Sahneler canlanır aklında. Vazgeçip, çırpınmadan denize yürümek istersin. Yüzünde soğuk, anlamsız, donuk bir ifade. Bu, herkeste aynıdır. Yeryüzünde ne kadar karşılaşmışsan, o bakışın tıpkı diğeri gibi olduğunu görürsün. 

Uykuya dalmak istersin. Uzun süre gözlerini ve aklını kapatmak.. Zaman dursun mu istersin yoksa daha hızlı mı ilerlesin? Uyandığında daha geride mi olmak istersin, daha ileride mi? 
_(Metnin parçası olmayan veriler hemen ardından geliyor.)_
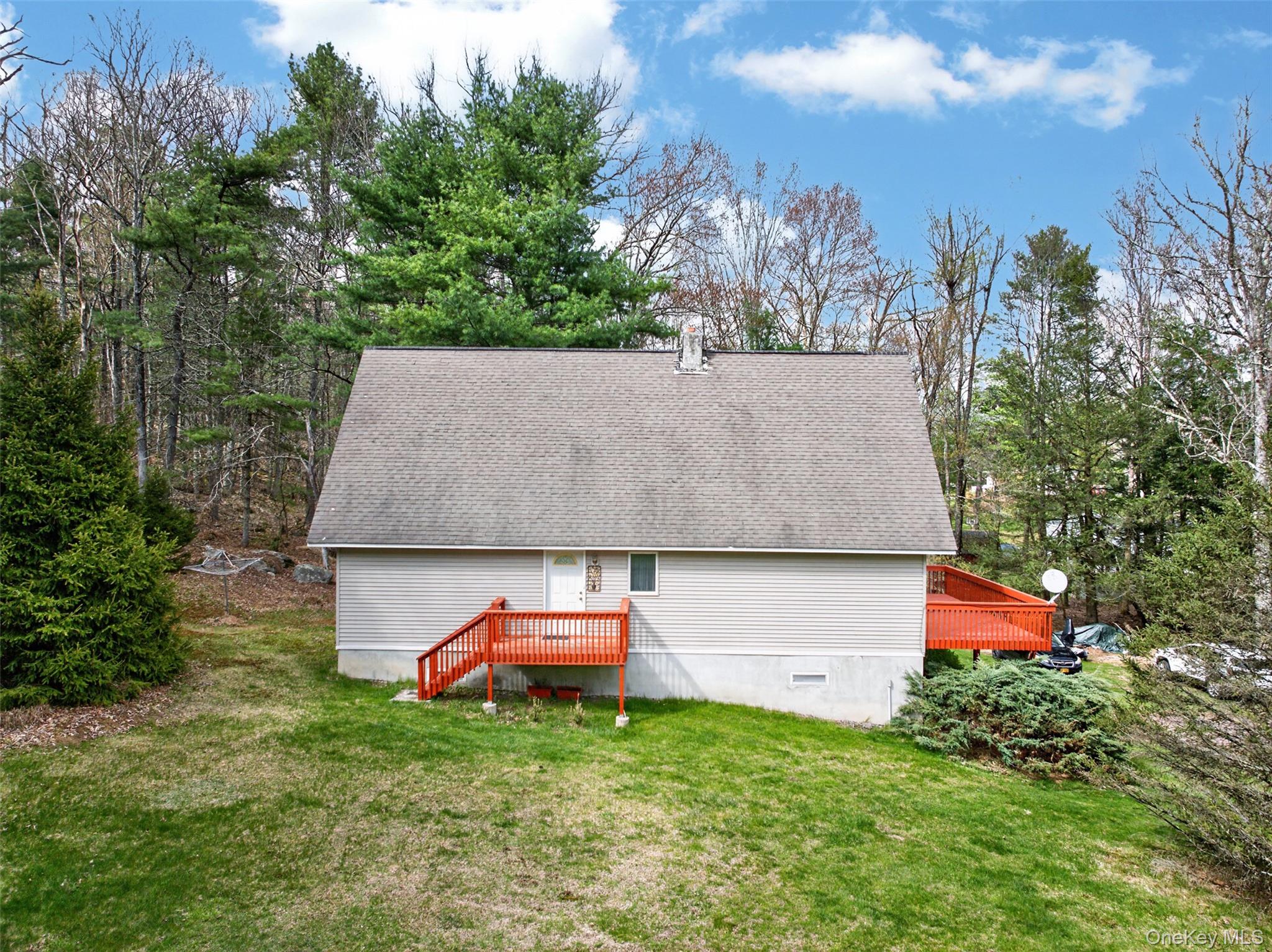 89 Beaver Brook Road Narrowsburg, NY 12764 - Photo 4 of 47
Sözler anlamını çoktan yitirmiş, yetim kalmışlardır. Sözcüklerin normalde hedef sektirmezken sen konuşmak istemezsin. Çünkü kalan anlamlarını boşaltabilecek kadar geniş bir dimağ yoktur etrafta.

Yağmuru seversin. Kocaman bir camdan izlemeyi de. Yağarken yürümeyi de. Kainat dünyayı temizlemeye karar vermiş gibidir. Temizlik esnasında ayak altında olmak iyi bir fikir olmasa da sen şemsiyenin altında yürüyüp o kokuyu içine çekmek ve böylece kendini de temizlemiş, yenilemiş gibi hissetmek istersin. Sokakta insanların koşuşturmasını ya da sakince ilerlemesinde hep aynı tema vardır: sessizlik. Sanki yağmur kendilerini sorgulamalarına sevk etmektedir. Kendilerine sordukları sorulara cevap veremiyorlar belki de. Fırtınalar mı kopuyor acaba içlerinde? Yoksa bunu kişisel bir efsaneye dönüştürmüş ve kendilerini hep haklı gören savunmalarının içinde sonsuz bir döngüye mi takılmışlar? Küçük çocuklarınsa sevecen sesleri gelir kulaklarına. Neden sussunlar ki hem onlar da? Göz göze gelince gülümseyip göz kırparsın. Utanır, çekinir belki ama hoşuna da gider. Yüz ifadesinden anlarsın bunu. Onların dünyası bembeyazdır henüz. Daha çok masumlardır. Tebessüm gelir yüzüne. Kaldırımda yürümeye devam edersin. Yürüdükçe her adımında notalar daha coşar gibidir. İskeleye gelmişsindir. Şemsiyeni indirirsin. Yüzünü göğe kaldırırsın. Gözlerini kapatırsın. Yağmur yüzünü öpüyordur sanki. Kollarını açarsın. Sarılmak istiyorsundur adeta bulutlara.